Start of DATA RECORDS
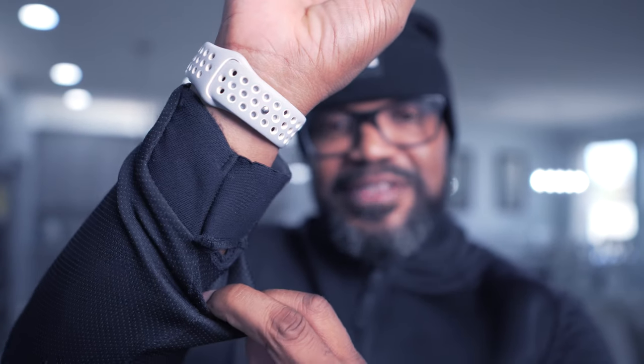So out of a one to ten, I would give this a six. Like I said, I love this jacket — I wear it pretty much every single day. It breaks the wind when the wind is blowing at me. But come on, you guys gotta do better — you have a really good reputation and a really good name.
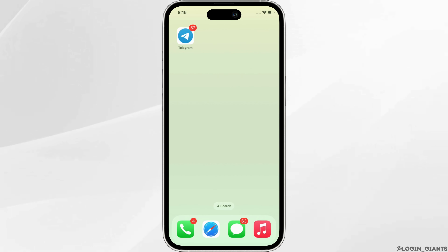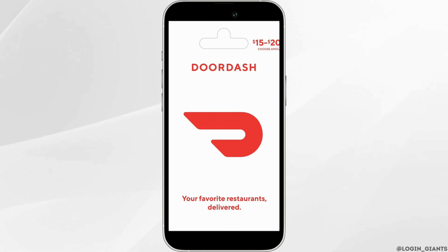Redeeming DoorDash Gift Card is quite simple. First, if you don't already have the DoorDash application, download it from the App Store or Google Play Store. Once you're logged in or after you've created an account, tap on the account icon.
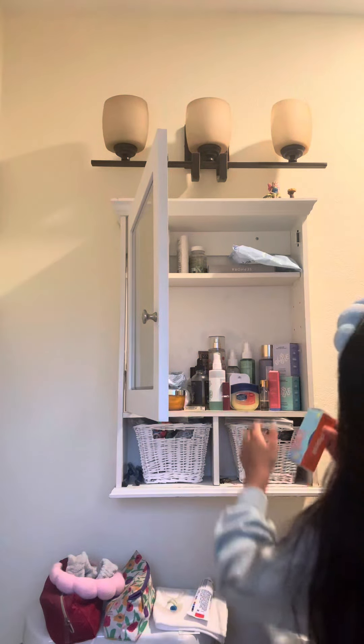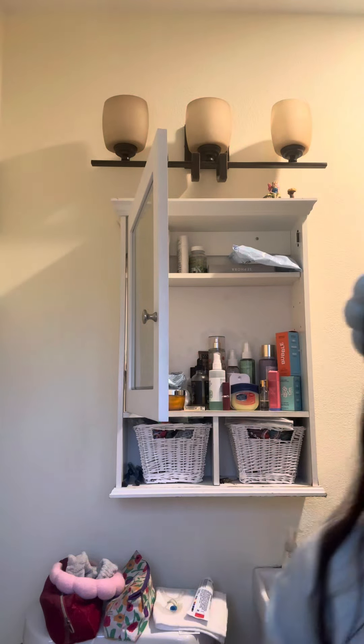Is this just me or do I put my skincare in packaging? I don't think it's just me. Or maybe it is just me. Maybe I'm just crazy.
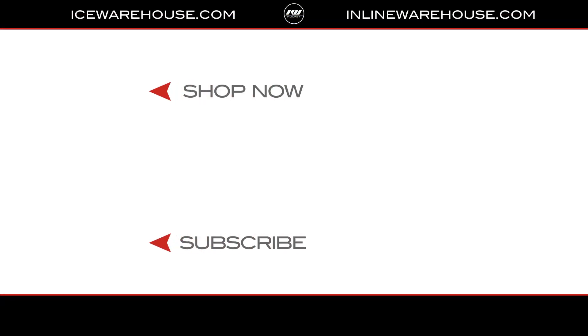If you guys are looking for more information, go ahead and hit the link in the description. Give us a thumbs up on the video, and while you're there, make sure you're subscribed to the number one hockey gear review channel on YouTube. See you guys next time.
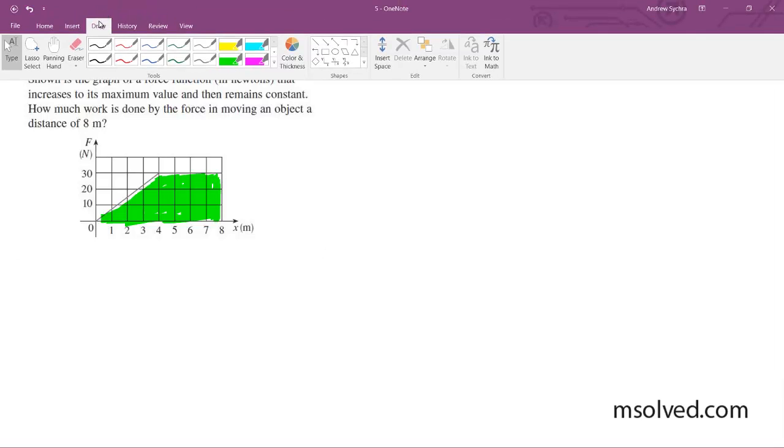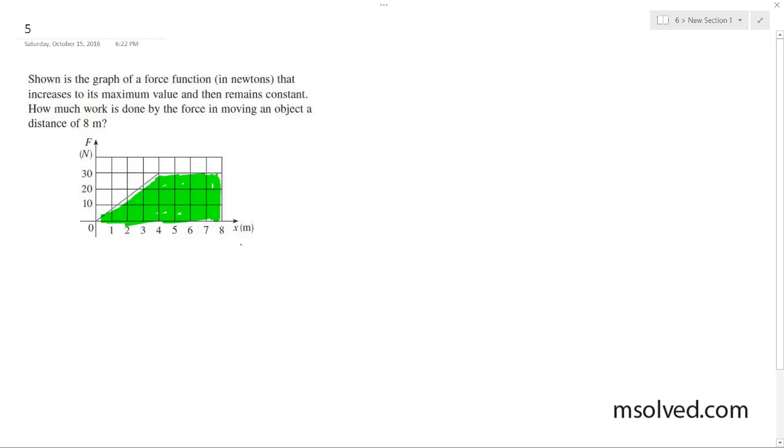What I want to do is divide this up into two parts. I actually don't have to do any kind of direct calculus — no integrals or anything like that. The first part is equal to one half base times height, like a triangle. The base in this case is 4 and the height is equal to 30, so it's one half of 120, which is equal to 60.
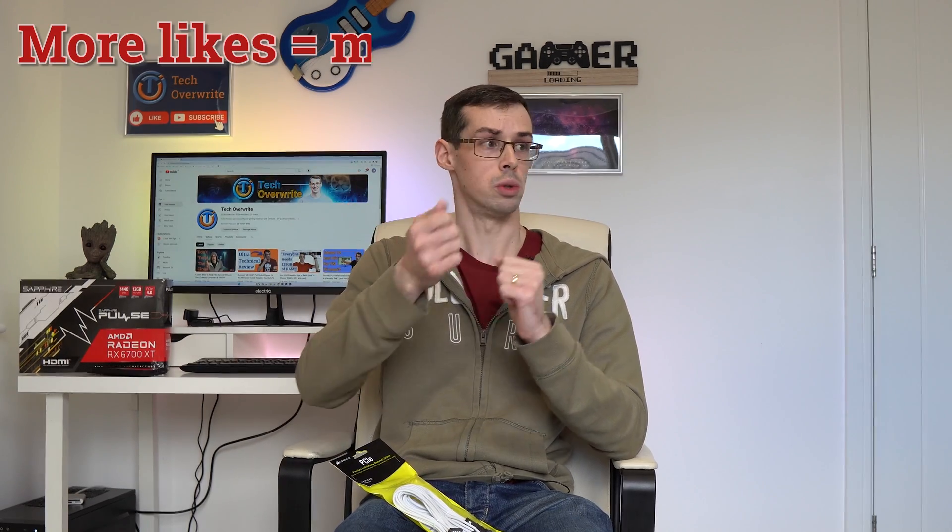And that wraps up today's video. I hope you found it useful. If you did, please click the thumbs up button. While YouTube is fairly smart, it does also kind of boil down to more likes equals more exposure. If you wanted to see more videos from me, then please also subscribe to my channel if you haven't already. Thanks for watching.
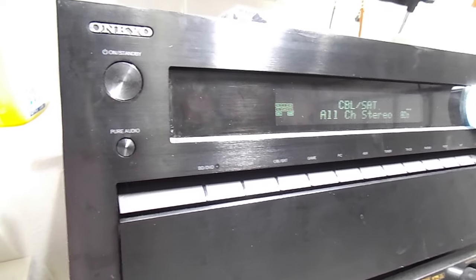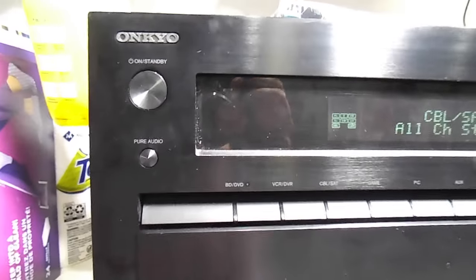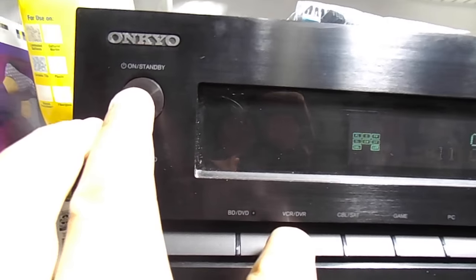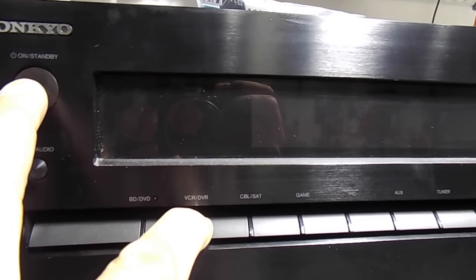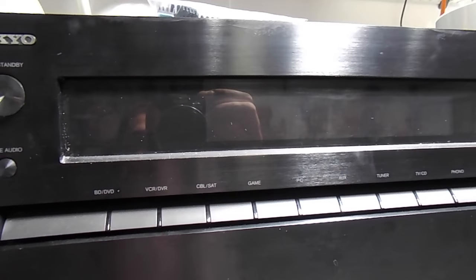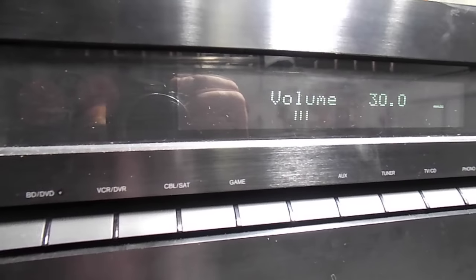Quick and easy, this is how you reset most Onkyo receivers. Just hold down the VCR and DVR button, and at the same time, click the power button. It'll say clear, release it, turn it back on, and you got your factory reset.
End of DATA RECORDS
**TASK TO COMPLETE**
Print all the lines above exactly as they are, but without the pictures.

**TASK SOLUTION**
So out of a one to ten, I would give this a six. Like I said, I love this jacket — I wear it pretty much every single day. It breaks the wind when the wind is blowing at me. But come on, you guys gotta do better — you have a really good reputation and a really good name.
Redeeming DoorDash Gift Card is quite simple. First, if you don't already have the DoorDash application, download it from the App Store or Google Play Store. Once you're logged in or after you've created an account, tap on the account icon.
Is this just me or do I put my skincare in packaging? I don't think it's just me. Or maybe it is just me. Maybe I'm just crazy.
If you guys are looking for more information, go ahead and hit the link in the description. Give us a thumbs up on the video, and while you're there, make sure you're subscribed to the number one hockey gear review channel on YouTube. See you guys next time.
What I want to do is divide this up into two parts. I actually don't have to do any kind of direct calculus — no integrals or anything like that. The first part is equal to one half base times height, like a triangle. The base in this case is 4 and the height is equal to 30, so it's one half of 120, which is equal to 60.
And that wraps up today's video. I hope you found it useful. If you did, please click the thumbs up button. While YouTube is fairly smart, it does also kind of boil down to more likes equals more exposure. If you wanted to see more videos from me, then please also subscribe to my channel if you haven't already. Thanks for watching.
Quick and easy, this is how you reset most Onkyo receivers. Just hold down the VCR and DVR button, and at the same time, click the power button. It'll say clear, release it, turn it back on, and you got your factory reset.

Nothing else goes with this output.